Search code examples
c#entity-framework-corelazy-loading

Is there a way to batch load navigation properties in EF Core?


I'm using EF Core 5, suppose I have the following database model (code first, pseudo code).

Company {
  string Name,
  int PrimaryAddressId,
  Address PrimaryAddress,
  Location[] Locations
}

Address {
  string City,
  string StreetAddress
}

Location {
  int CompanyId,
  int AddressId,
  Address Address
}

I would like to load a bunch of companies (let's say 50) from the database, including all their related data.

I'm aware that I have 2 options to load related data, however, both have some caveats.

  • Using lazy loading proxies: This will result in the N+1 queries issue, it will query the related data entity by entity, so at the end of the day a huge amount of queries will be sent to the server.
  • Using eager loading with Includes: This will result in a huge single query with an anormous amount of joins, possibly fetching a lot of redundant data and most likely it will be quiet slow. Not to mention that I explicitly need to enumerate all the wanted paths with Includes which is quiet error-prone.

What I'm looking for is some tool/library, whatever, what could batch load related data for my entities, in a way similar to this kind of code:

var companies = context.Company.Take(50);
var companyIds = companies.Select(e => e.Id).ToHashSet();

var addressIds = companies.Select(e => e.PrimaryAddressId).ToHashSet();
var addressesById = context.Address.Where(e => addressIds.Contain(e.Id)).ToDictionary(e => e.Id);
companies.ForEach(e => e.PrimaryAddress = addressesById[e.PrimaryAddressId]);

var locationsByCompanyId = context.Location.Where(e => companyIds.Contains(e.CompanyId)).ToLookup(e => e.CompanyId);
companies.ForEach(e => e.Locations.AddRange(locationsByCompanyId[e.Id]));

...

This seems to me as a middle-of-the-road approach with a quiet good performance (queries will use the IN operator and most likely utilize indexes). Also, the code seems to be kind of boilerplate in the sense that one should be able to generalize/automate it somehow with some tooling, using the model metadata, foreign keys, etc.

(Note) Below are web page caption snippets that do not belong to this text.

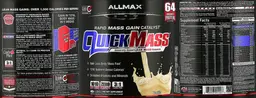 Label for QUICKMASS Vanilla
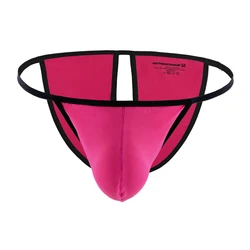 Gay Sexy Underwear Men Briefs Men Soft Breathable Lingerie Panties Cuecas Calzoncillos Man Erotic Underpants Quick Dry Briefs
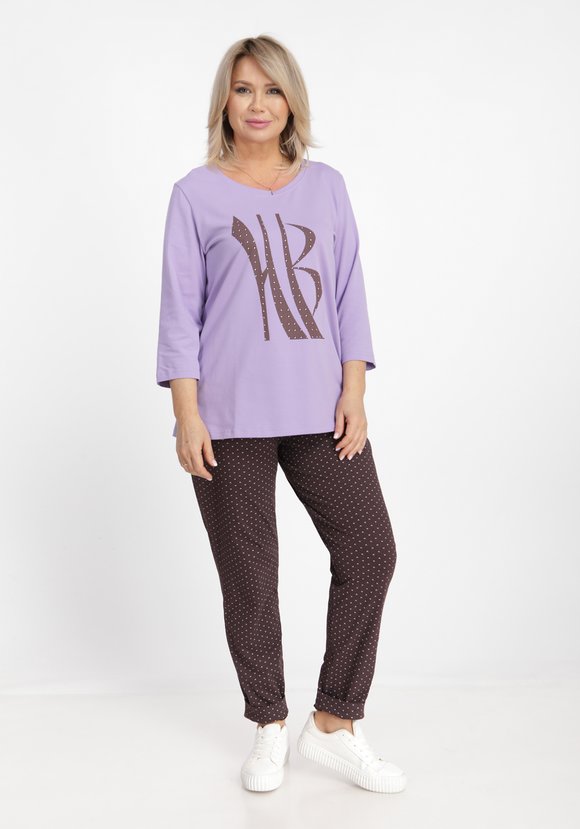 Пижама Чудесное утро шир.  580, рис. 1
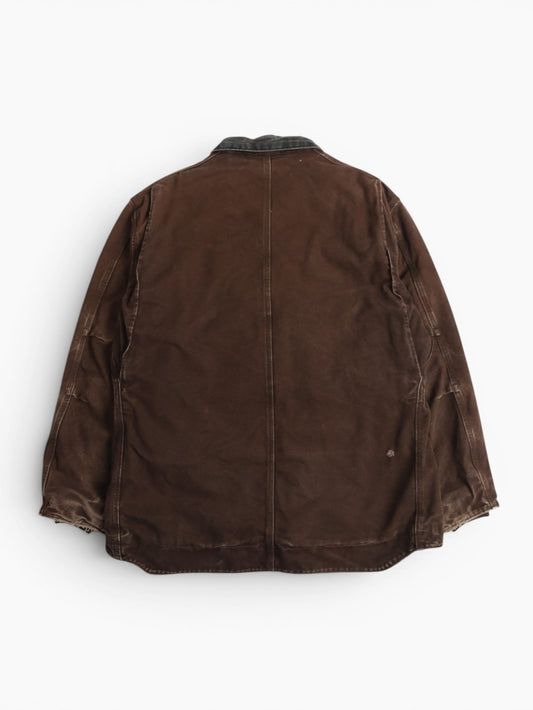 Work Jacket - Brown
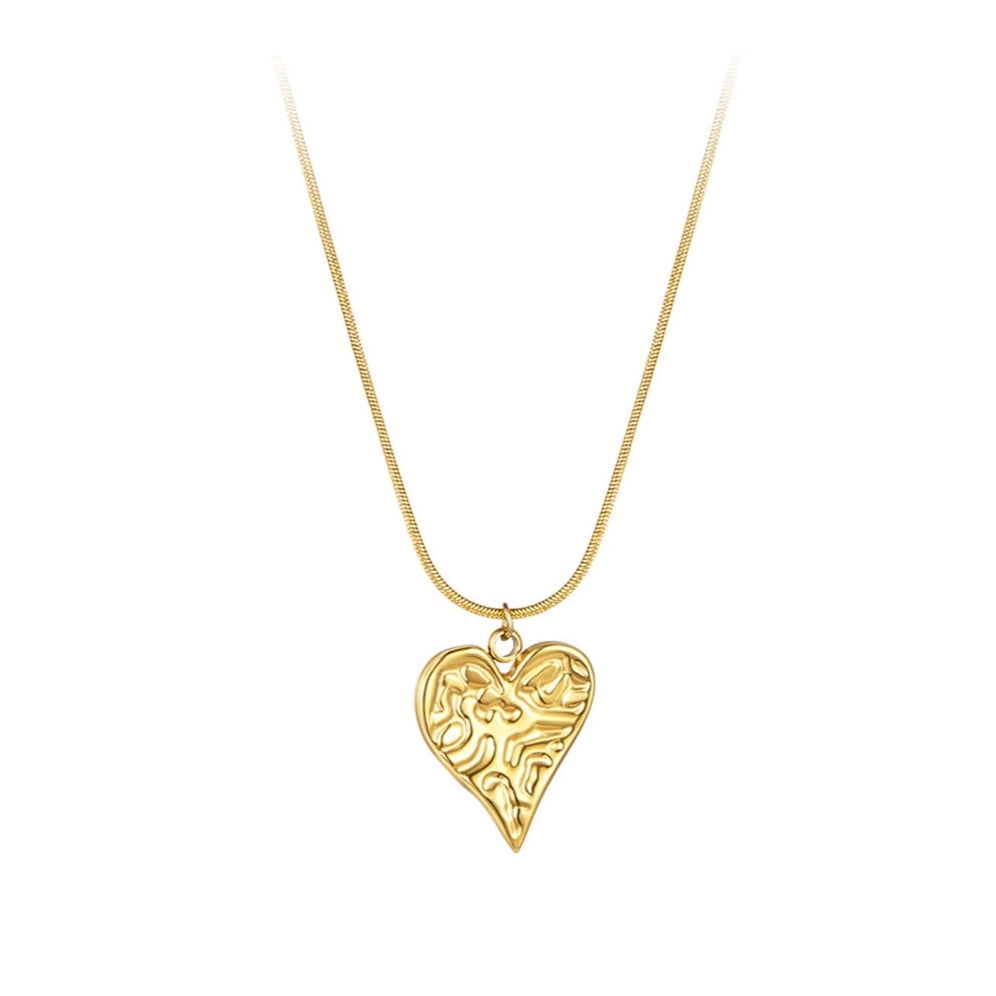 LUXURY HEART NECKLACE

Any ideas would be appreciated.


Solution

  • Using eager loading with Includes: This will result in a huge single query with an anormous amount of joins (1), possibly fetching a lot of redundant data and most likely it will be quiet slow (2). Not to mention that I explicitly need to enumerate all the wanted paths with Includes which is quiet error-prone.(3)

    Ad (1): Define "enormous amount of joins". In my experience, most self-respecting relational databases can handle several factors more joins than human users, without slowing down perceptibly.

    Ad (2): Don't optimize for things that might possibly happen. Measure it, and if it is slow, analyze why it is slow. This sounds like premature optimization, a known anti-pattern.

    Ad (3): This seems like the kind of low-level data-layer code that needs writing once (with ample tests!) and should be low-maintenance afterwards.

    So my suggestion would be to write it, (stress-)test it, and if there are performance problems, analyze them and look for specific solutions for actual problems.

    If the same data is retrieved repeatedly, I would focus more on a form of caching to counter potential performance issues, for instance.